Je crains que le poète, s’il les écoutait aujourd’hui, ne puisse entendre que leurs larmes. Ils s’étonneraient sans doute qu’on les abatte ainsi, quand seuls ils peuvent encore nous protéger contre le cataclysme climatique que nous avons provoqué. Ils lui rappelleraient qu’avec eux c’est tout un symbole qu’on abat – non pas un symbole comme les autres, mais le symbole par excellence, l’archétype de tout symbole.

Sinon, auraient-ils été vénérés du Japon à l’Égypte, du Grand Nord à la Patagonie, eux, et eux seuls, dont la beauté croît avec l’âge ?

Nous appartenons tous à un arbre. Ou à des multitudes. « Tu le sais bien, mon Arbre, que dès l’aube je te viens embrasser : je baise de mes lèvres l’écorce amère et lisse, et je me sens l’enfant de notre même terre », dit le pâtre Tityre, sous la plume de Paul Valéry.

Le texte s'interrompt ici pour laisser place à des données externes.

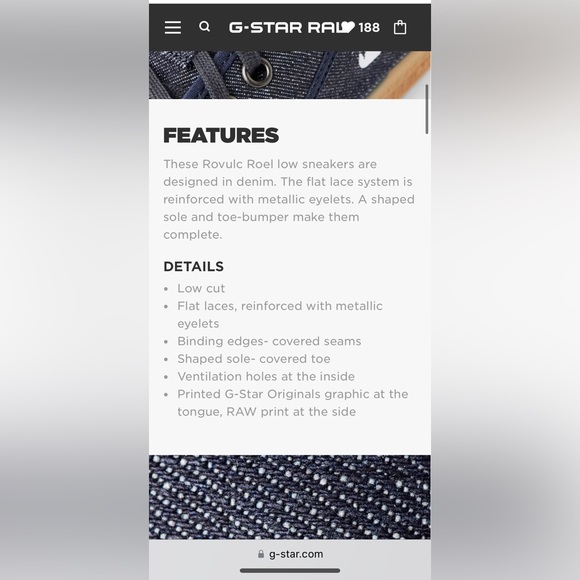 G-STAR RAW “ROVULC ROEL DENIM” LOW CUT SNEAKERS SHOES SIZE EU 39 MENS 6 WOMENS 8 - Picture 16 of 16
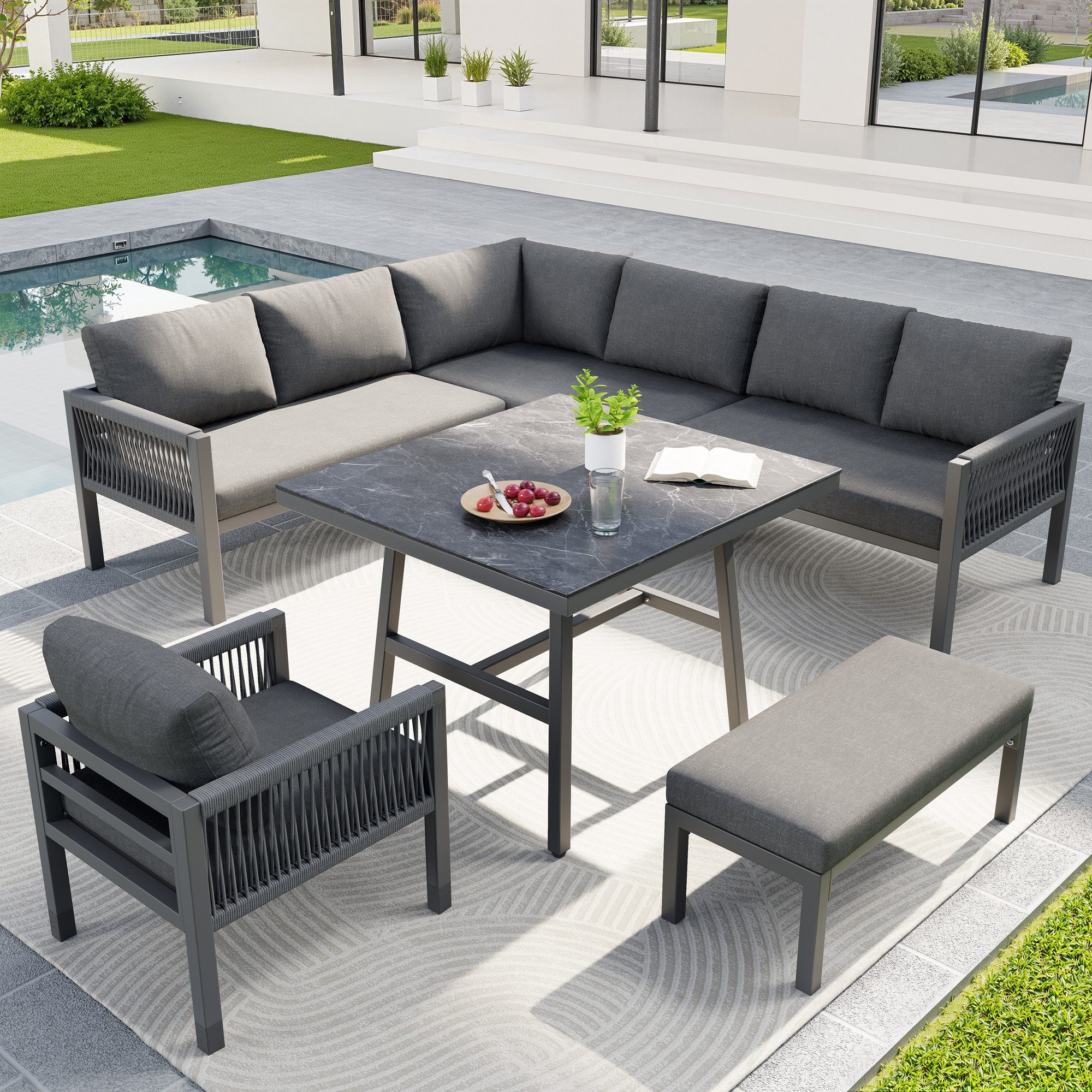 Celya Gartenlounge-Set Gartenmöbel set, Handgeflochtenes L-Form Garten-Sofa, (Inkl. 1 Tisch mit Marmor-Glasplatte und 2 Sesseln), für bis zu 8 Personen, Robuster Eisengestell mit grauen Polstern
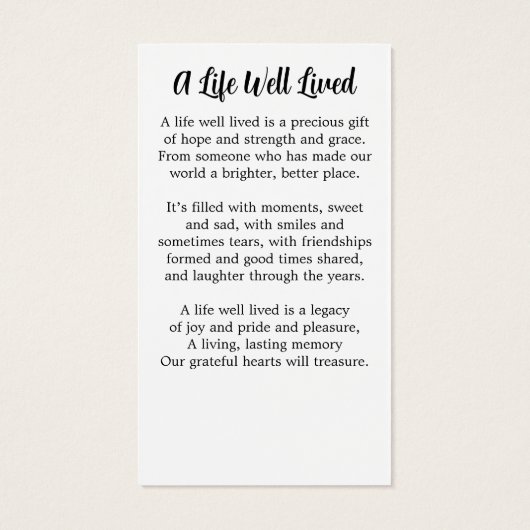 Carte de prière commémorative simple photo (Dos)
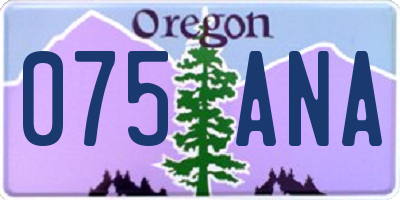 OR license plate 075ANA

Pour moi, mon âme est une forêt, depuis le saule planté à ma naissance jusqu’aux bois verts de mon enfance normande, du platane fabuleux de la grecque Nauplie aux chênes des Pyrénées.

Au milieu d’eux, le tilleul qui abritait à Montmartre mes conversations avec Yves Bonnefoy.

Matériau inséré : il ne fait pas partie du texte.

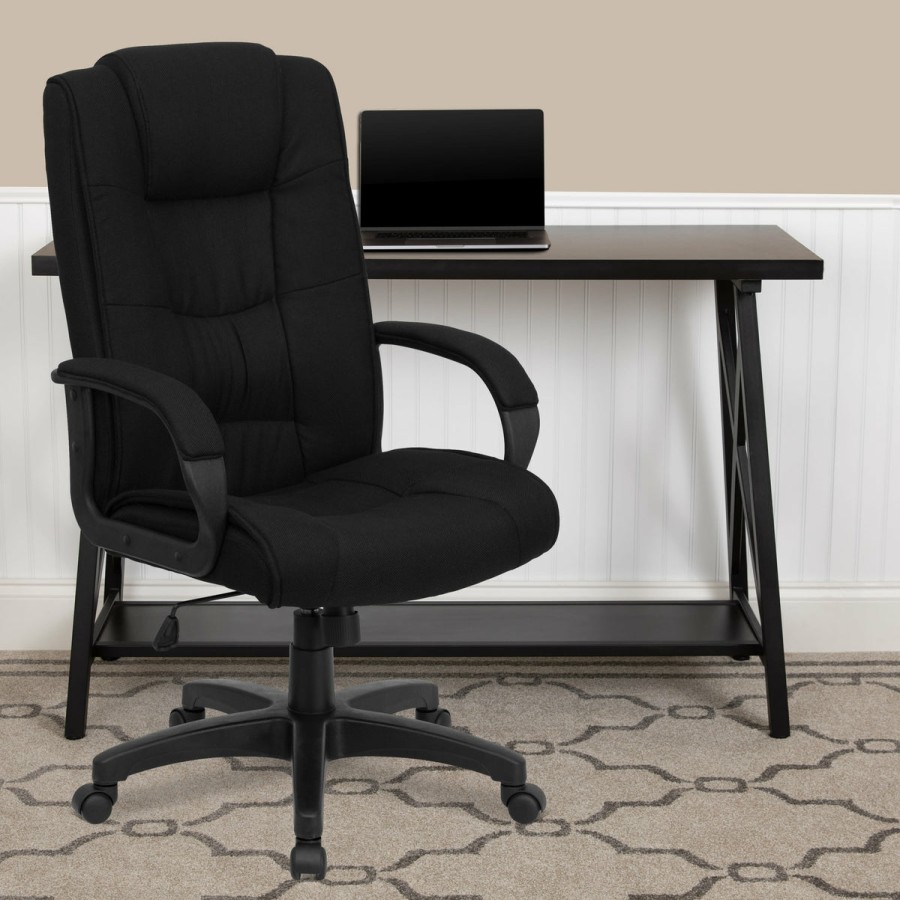 Office & Reception FLASH Executive Office Chairs | High Back Multi-Line Stitch Upholstered Executive Swivel Office Chair With Arms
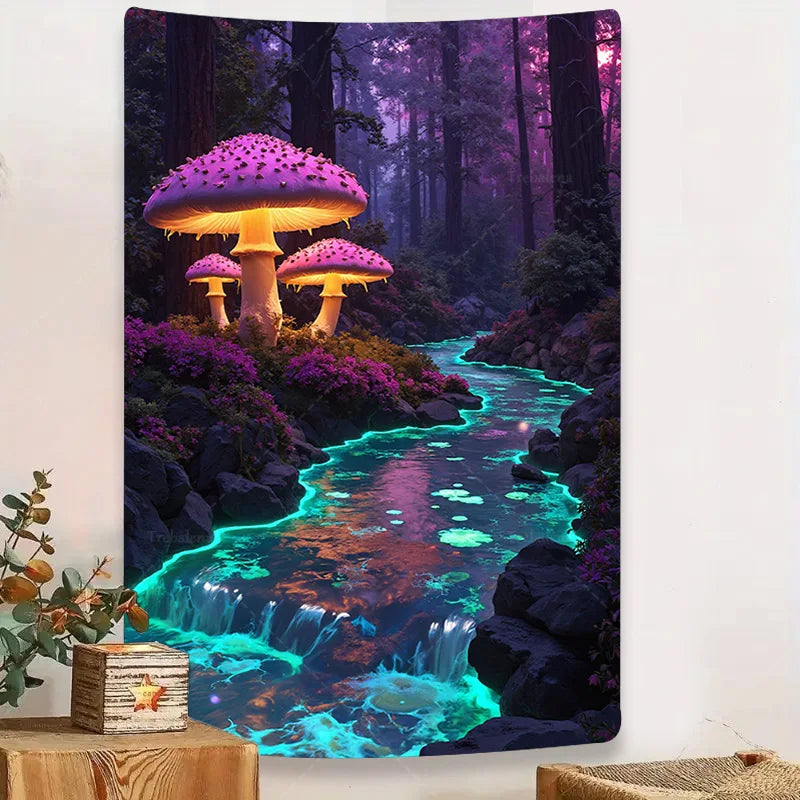 Futuristic Astronaut Wall Tapestry – Glowing Waterfall & Pink Moon, Sci-Fi Home Décor for Bedroom, Living Room, or Dorm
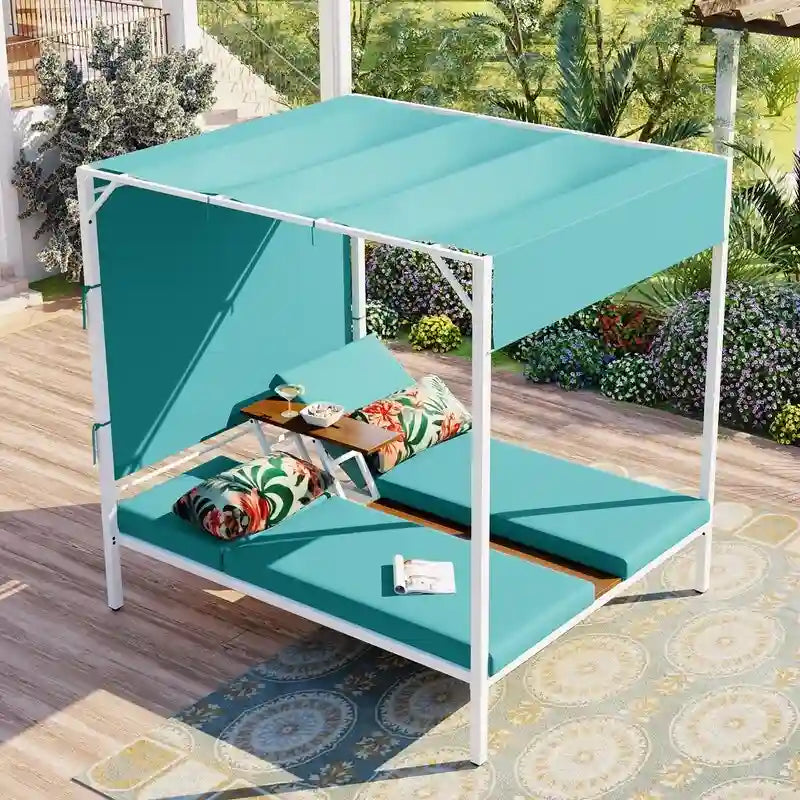 Adjustable Outdoor Patio Two Person Sunbed Daybed with Cushions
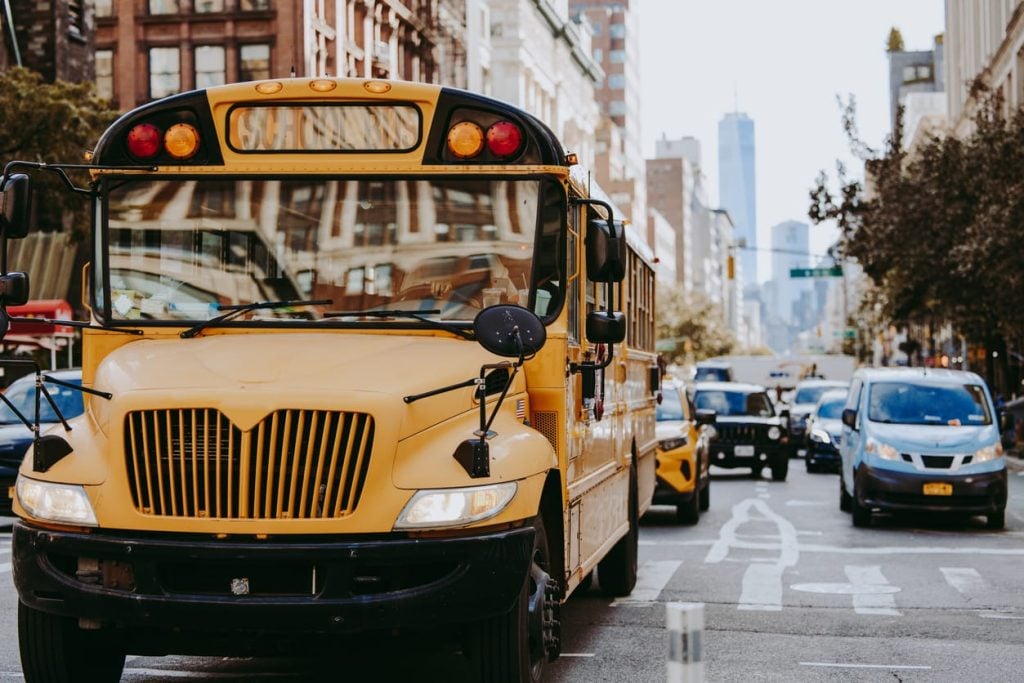 A typical yellow school bus in New York City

Qui justement me parlait d’arbres, de leurs signes, des feuillages mystérieux de Nicolas Poussin, et de cet arbre des rues, comme celui qui frémissait alors sous la brise, auquel il avait rendu hommage : « Regarde ce grand arbre/et à travers lui/il peut suffire./Car même déchiré, souillé,/l’arbre des rues,/c’est toute la nature,/tout le ciel/l’oiseau s’y pose./le vent y bouge, le soleil/y dit le même espoir malgré/la mort. »

(1) Avec l’association qu’il a créée, le GNSA (Groupe national de surveillance des arbres), et une cinquantaine d’organisations dont Canopée, les réseaux pour les alternatives forestières, et le Snupfen, syndicat majoritaire de l’Office national des forêts, et une kyrielle de professionnels de la sylviculture.